The goal of the game is collecting one of each item category -- there's a big list here pulled in from the trading game (though not nearly as extensive), and they also have colors. You need one of each type to beat the game.
A lot of the game is just straight lootopia mechanics, with some maze navigation, scanning abilities, inventory management and item transformation mechanics to round things out.
The world is a grid of grids, similar to keydrop. Regions are named somehow.
Each region is a finite grid that contains:
Mazes -- built on the existing stuff in Skygarden with randomly locked doors (via colored keys that match the colors of items) and furniture that contains items.
Towns -- Buy and sell items of a specific category. Not every category is represented in every town; it's a limited list. Completely random and a short list of items to buy (for a good bit). Also other money-based services.
Obstacles -- you can't walk on these tiles so you have to route around them. Those on the border between regions will prevent you from going to the next region as well.
The categories/colors of items obtainable in a region are palettized, subdivided into several maze "types" which have their own palette.
You have limited inventory space in each category. This can be upgraded.
Your base is a magic backpack kind of thing that can only be accessed in the overworld -- not in towns or mazes.
Your base is on an infinite grid, with a few rooms already built out. Building new rooms requires some procgen amount of colored essences based on the room in question, and the links appear automatically as needed.
Colored essences are obtained by sacrificing an item of the appropriate color on the Prismizer (a base fixture which you start out having). This gives you one essence of that color. These essences are also used for unlocks and upgrades.
Machines are unlockable tools that you can use in the overworld. They have various effects that cost some amount of some essence to use.
Like other Unlockables, they require paying a certain fixed amount of Collection Points (obtained as you fill out your collection of item types) + a procgen amount of colored essences.
Here's a list:
Shop Finder -- tells you the name of the closest region that contains a certain shop type. If there's more than one it'll list all of them.
Item Finder -- tells you the name of the closest region that contains a certain item cat/color. If there's more than one it'll list all of them.

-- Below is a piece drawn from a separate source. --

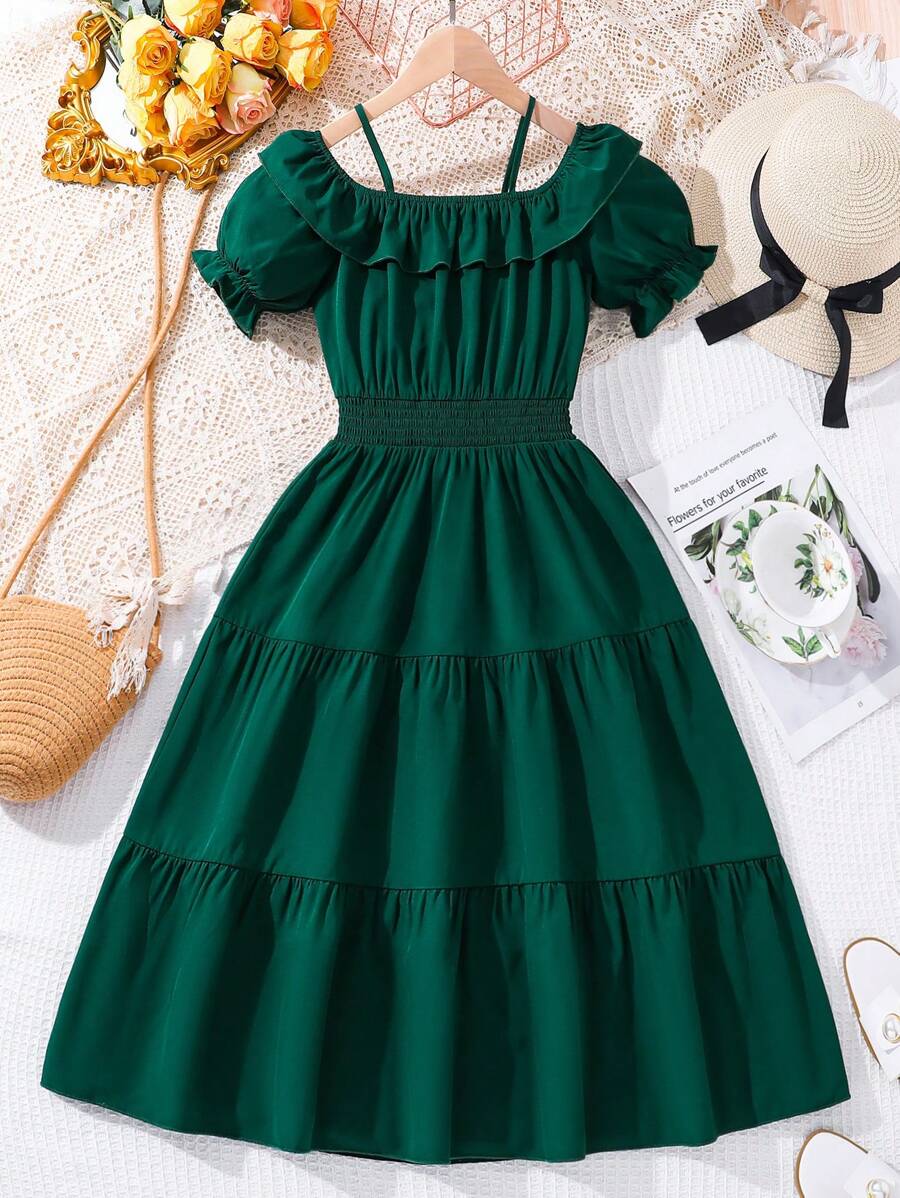 SHEIN Tween Girl's Ruffle Trimmed Strap Bubble Sleeve Wrap Waist Dress - Green - View 1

Product Finder -- same as the above, but searches shops instead.
Region Mapper -- maps out all orth adjacent regions to a known region.
Local Item Finder -- tells you the coord of the local maze where you'd find a certain item type/color. If there isn't one, it doesn't return anything but still uses the essences.

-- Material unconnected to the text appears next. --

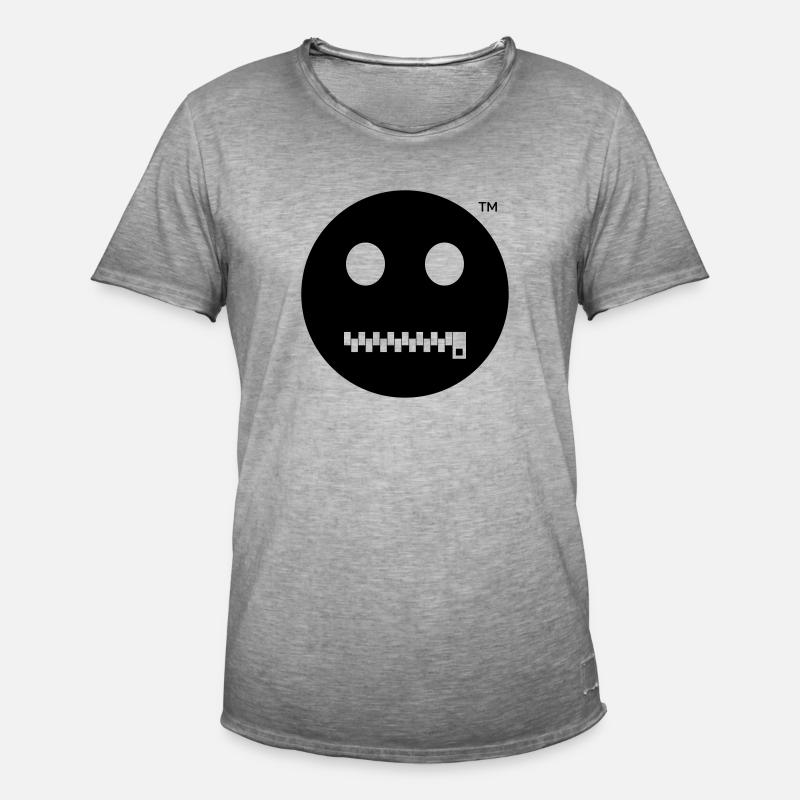 Smiley Shut up - Sei Still - Männer Vintage T-Shirt - Vintage Grau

Local Product Finder -- Same as the above, but for shops rather than mazes.
Local Shop Finder -- same as the above, but looks for the town coord of a shop of the appropriate type.
Region Mapper -- Maps out a known region, showing the location of all mazes, obstacles and towns (but not what they contain).
Maze Machines
Maze Scanner -- Tells you all obtainable items (that you haven't picked up) in the maze that aren't behind locked doors.
Maze Deep Scanner -- Same as the above, but runs on the entire maze, not just those behind locked doors.
Unlocker -- Gives you a list of the keys needed in a maze without costing anything. If you have them all you can pay its cost and it'll unlock everything for you. This makes the Maze Scanner act as a Maze Deep Scanner.
Gatherer -- Gathers all items in the maze not behind locked doors for you. Rather expensive. If it exhausts all items in the maze, the maze despawns. Same deal if *you* do. The Gatherer can then be interacted with rather than the maze.